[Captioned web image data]
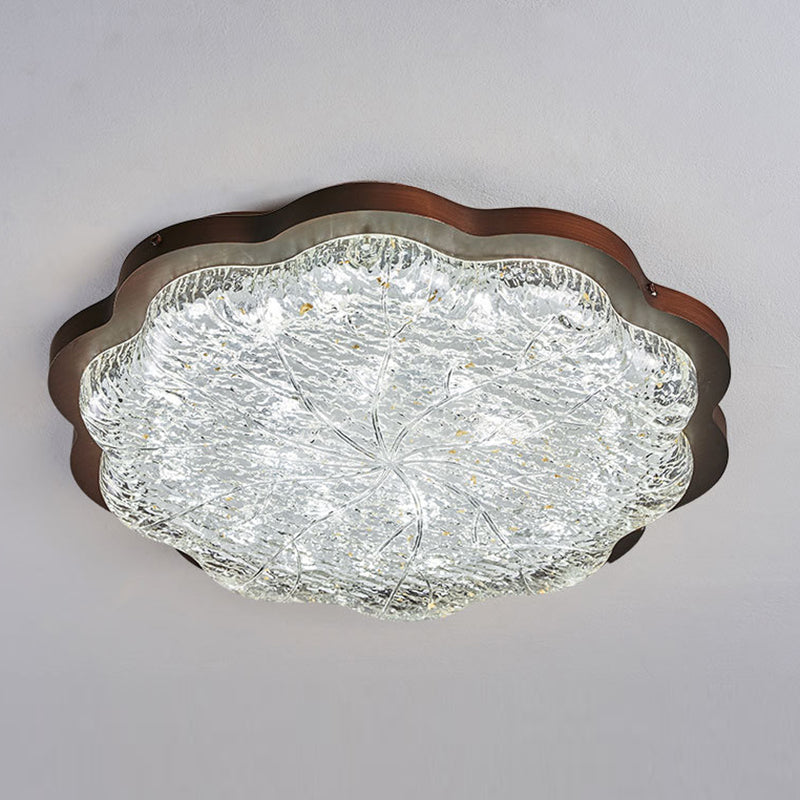 Contemporary Luxury Gold Foil Resin Flower Shade LED Flush Mount Ceiling Light For Living Room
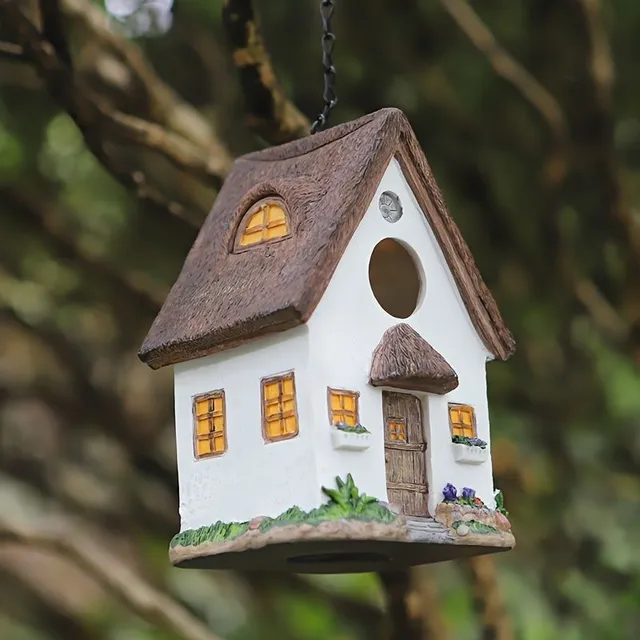 Rustic hanging house for birds for outdoor garden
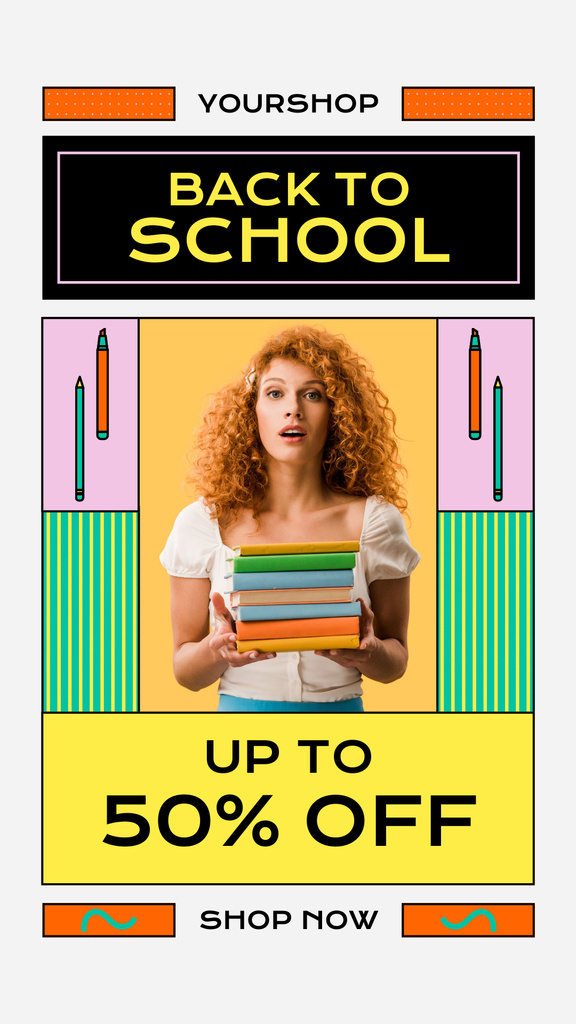Bright School Sale Announcement with Girl with Books Instagram Story Tasarım Şablonu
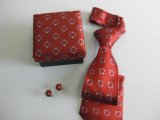 Wine Dotty Colour Design Men's Yarn Dyed Silk Ties with Box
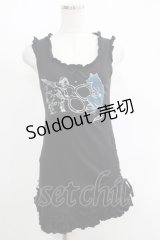 PEACE NOW / フリルギャザータンク  黒 H-25-05-08-1046-PU-TO-KB-ZH
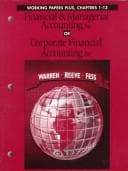 Tapa de Working Papers Plus for Use With Financial and Managerial Accounting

### What you have to do
Give the data again word for word, without images.

### Response
 Contemporary Luxury Gold Foil Resin Flower Shade LED Flush Mount Ceiling Light For Living Room
 Rustic hanging house for birds for outdoor garden
Bright School Sale Announcement with Girl with Books Instagram Story Tasarım Şablonu
 Wine Dotty Colour Design Men's Yarn Dyed Silk Ties with Box
 PEACE NOW / フリルギャザータンク  黒 H-25-05-08-1046-PU-TO-KB-ZH
 Tapa de Working Papers Plus for Use With Financial and Managerial Accounting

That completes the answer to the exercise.